Dalam sejarahnya, dinasti-dinasti tersebut memberi keuntungan penyebaran Islam ke berbagai penjuru. Bahkan beberapa negara Eropa pernah dikuasai oleh Islam yang juga turut membangun peradaban di sana. Namun keniscayaan di bumi tentu berlangsung, saat suatu peradaban maju, ada yang tertinggal. Semua hanya menunggu giliran.
Di balik majunya peradaban dan keilmuan di bawah naungan dinasti-dinasti itu, ada kisah kelam yang tak banyak diceritakan. Kisah-kisah penyiksaan bahkan pembunuhan yang dilakukan oleh pemerintah kepada para ilmuwan dan ulama karena memaksakan satu ideologi tertentu yang mereka yakini kebenarannya.
Sejarah harus jujur mengungkapkan bahwa beberapa ilmuwan muslim dan ulama yang kini karyanya masih kita pelajari, tersiksa dan wafat dengan cara yang tragis. Peristiwa itu disebut Mihnah yang mengacu pada periode penyiksaan ilmuwan muslim dan ulama.
Salah satu contohnya adalah penyiksaan yang dialami oleh Imam Bukhari karena dipaksa untuk menerima konsep kemakhlukan Alquran yang dianut oleh Mu’tazilah. (Baca: Tujuh Ulama yang Dipenjara Era Khalifah Islamiyah).
Dikutip dari buku “Al-Bukhari dan Metode Kritik Hadis” karya Mohammad Nabiel yang merujuk kitab-kitab sejarah diceritakan beberapa penganiayaan dan pembunuhan terhadap para ilmuwan muslim yang dilakukan oleh Khalifah al-Ma’mun dan dilanggengkan oleh khalifah-khalifah berikutnya.
Ia menjunjung teologi Mu’tazilah dan memaksakannya pada setiap penduduk di wilayah kekuasaannya. Kisah serupa juga dialami oleh Imam Ahmad bin Hanbal (164-241 H). Ia dipenjara selama 18 bulan oleh al-Ma’mun yang saat itu menjabat sebagai khalifah Dinasti Abbasiyah.

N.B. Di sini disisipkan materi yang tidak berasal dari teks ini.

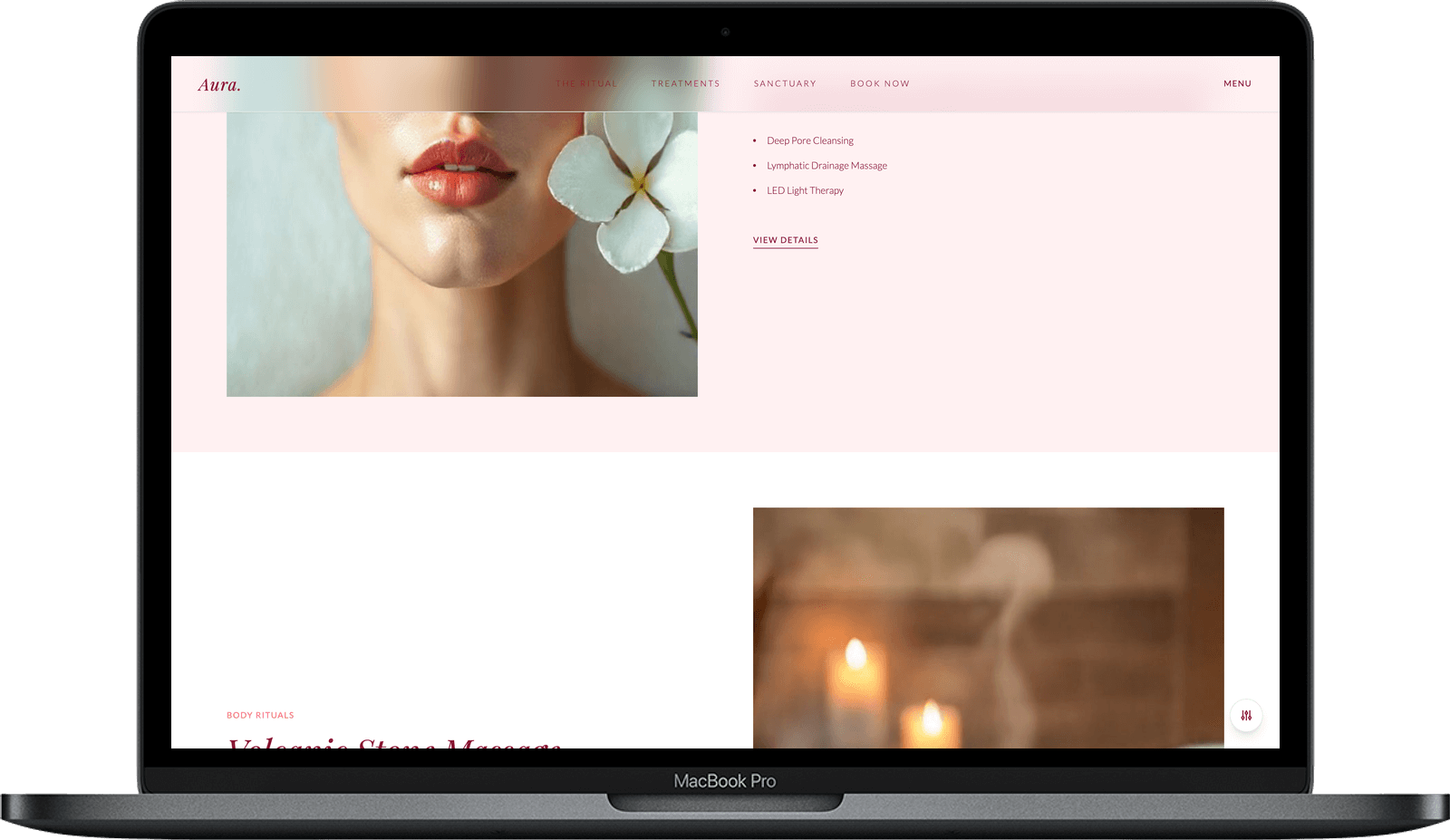 Beauty Salon & SPA Website — Aura Beauty design detail preview 2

Saat itu, ia menganut paham Mu’tazilah yang mengatakan bahwa Alquran adalah makhluk. Siapapun yang berhaluan dari paham tersebut akan mendapat tindakan penyiksaan, dan salah satunya adalah Imam Ahmad bin Hanbal.
Begitu juga ulama hadis, Imam Nasa’i (w. 303 H) yang mendapatkan penyiksaan sampai ia wafat karena menolak untuk memuji Muawiyah dan menolak memberi pembenaran atas suatu kebijakan politik tertentu.

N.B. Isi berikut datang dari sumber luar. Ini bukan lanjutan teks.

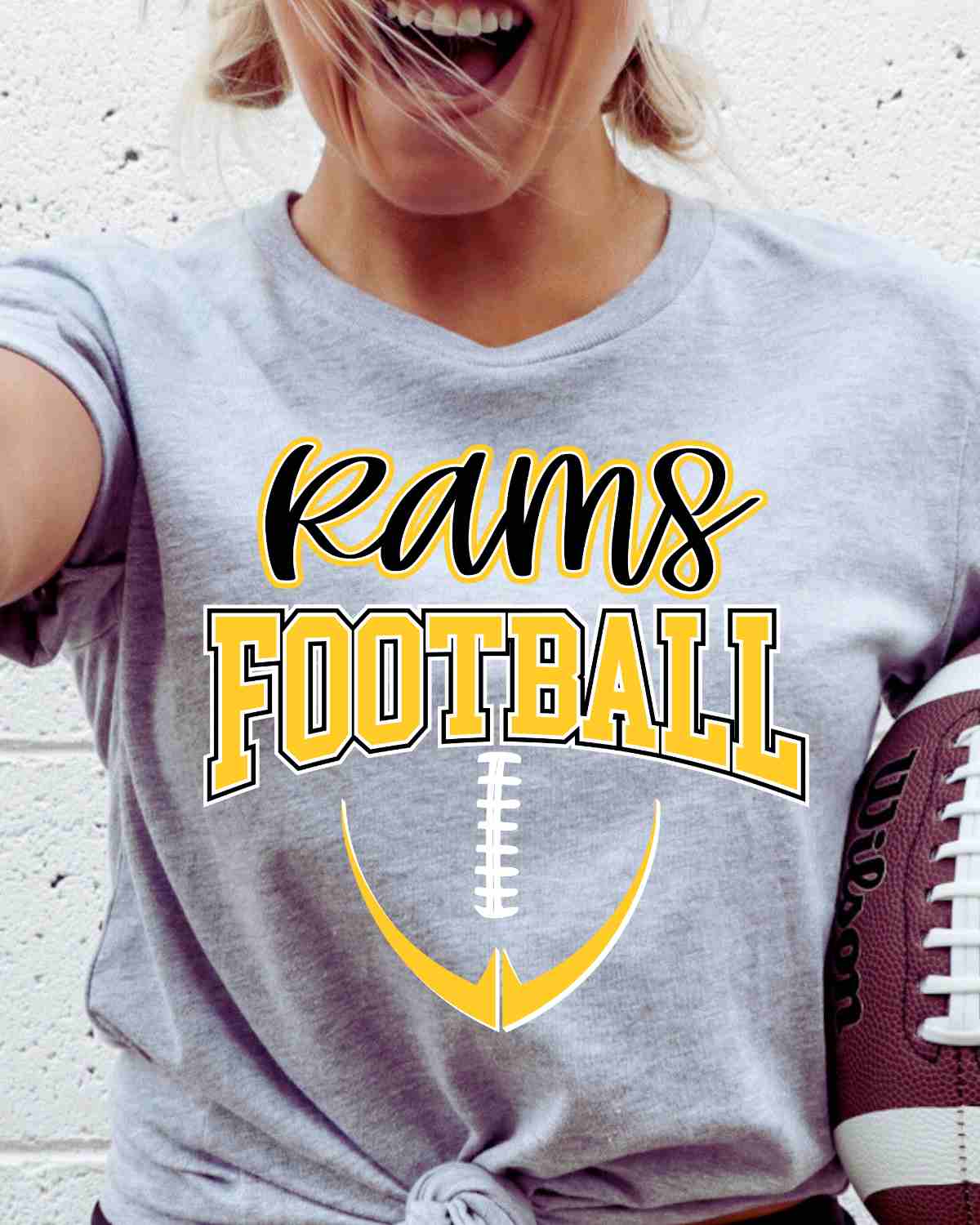 Rams Half Football Outline DTF Transfer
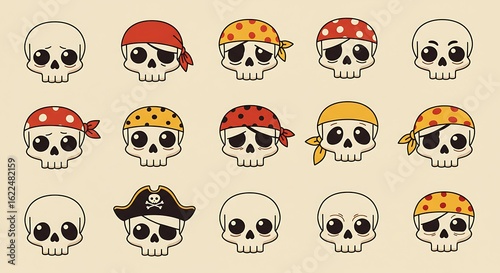 Cute Pirate Skull Collection: Retro Cartoon Art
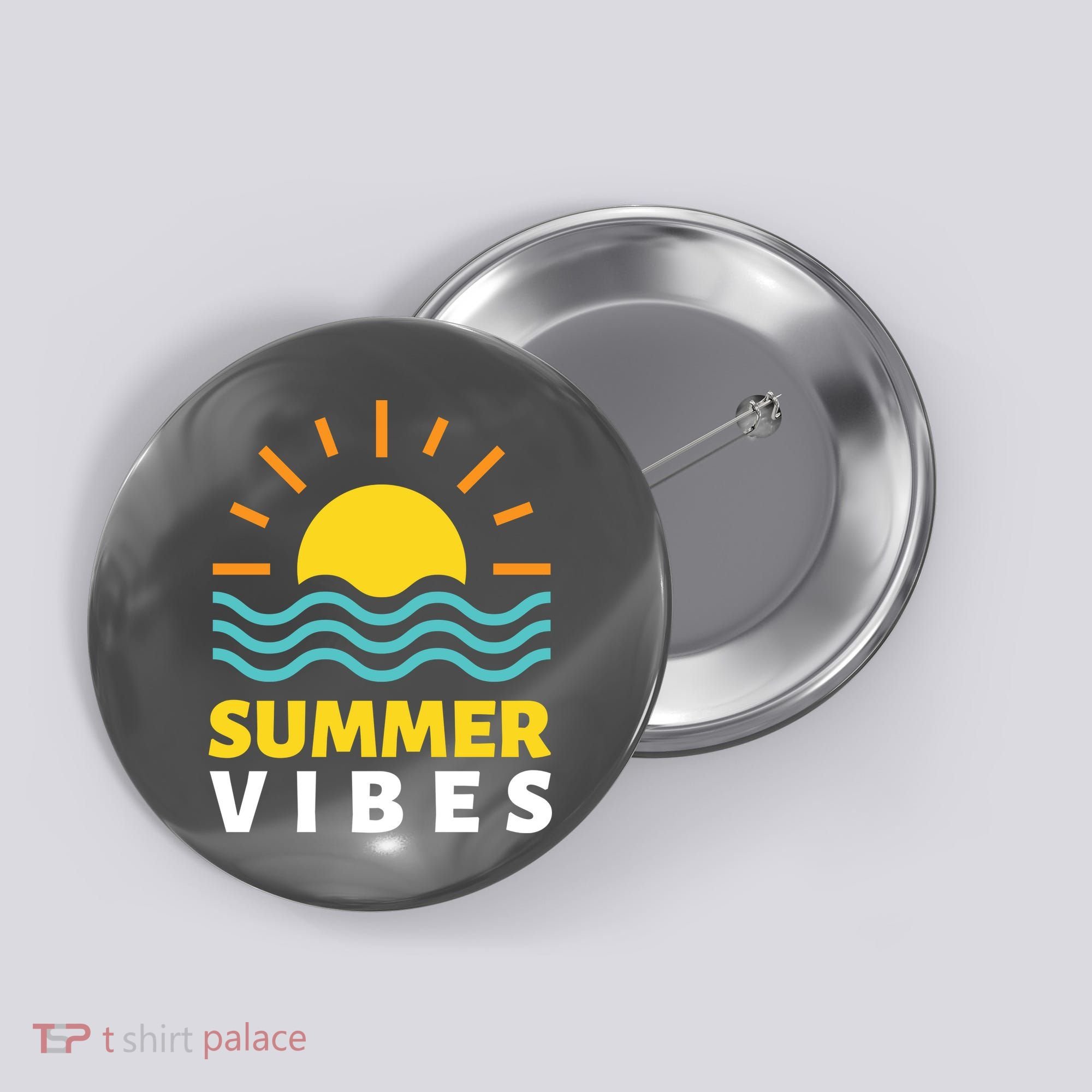 Summer Vibes Sunset Ocean Button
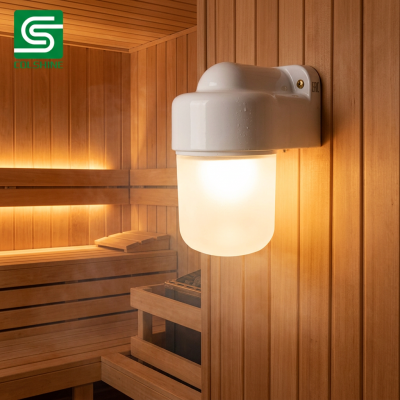Fabricante del OEM Premium Ceramic Sauna Lamp Fixture Designed for Heat Resistant Lighting Solutions in Modern and Traditional Sauna Rooms de China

Imam Syafi’i, seorang pakar fikih yang melahirkan mazhab Syafi’iyah hingga diikuti banyak muslim terutama di wilayah Asia Tenggara, juga menolak paham Mu’tazilah hingga akhirnya ia memutuskan pindah ke Mesir.
Pada saat itu, merujuk pada karya Kyai Mustofa Ali Ya’qub yang berjudul “Imam Bukhari dan Metodologi Kritik dalam Ilmu Hadis”, Imam Syafii sempat ditanya oleh utusan Khalifah al-Ma’mun tentang pendapatnya mengenai kemakhlukan Alquran. Imam Syafi’i lalu mengangkat jari telunjuknya dan mengatakan, “ini makhluk!” untuk mengecoh mereka agar bisa melarikan diri ke Mesir.

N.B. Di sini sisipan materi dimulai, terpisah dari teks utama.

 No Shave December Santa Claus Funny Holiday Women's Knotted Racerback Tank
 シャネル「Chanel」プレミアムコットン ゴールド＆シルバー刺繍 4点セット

Sayf al-Din al-Amidi (w. 631 H), seorang ahli fikih bermazhab Hanbali dituduh melakukan bid’ah akibat fitnah dan kedengkian kepadanya. Imam al-Baydhawi (w. 685 H), seorang kami bermazhab Syafi’i mendapat banyak penderitaan karena dituduh menganut ajaran Syi’ah.
Ibnu al-Qayyim al-Jawziyah (w. 751 H) beserta gurunya, Ibnu Taimiyah (w. 728 H), dipenjara dan disiksa karena menolak untuk mengeluarkan fatwa yang dipesan oleh pemerintah saat itu. Masih terus karena periode mihnah yang disebabkan oleh kuatnya ideologi Mu’tazilah, Imam al-Subki (w. 771 H) yang menjadi hakim agung di Suriah dipenjara dan disiksa karena dituduh melakukan bid’ah.
Demikian kisah penyiksaan ulama atau yang disebut periode Mihnah. Peristiwa Mihnah menunjukkan bahwa memaksakan ideologi tertentu pada suatu pemerintahan dan menjadikannya dasar negara justru akan memecah belah persatuan masyarakat. Ini diakibatkan oleh keyakinan pada kebenaran yang dianggap tunggal.’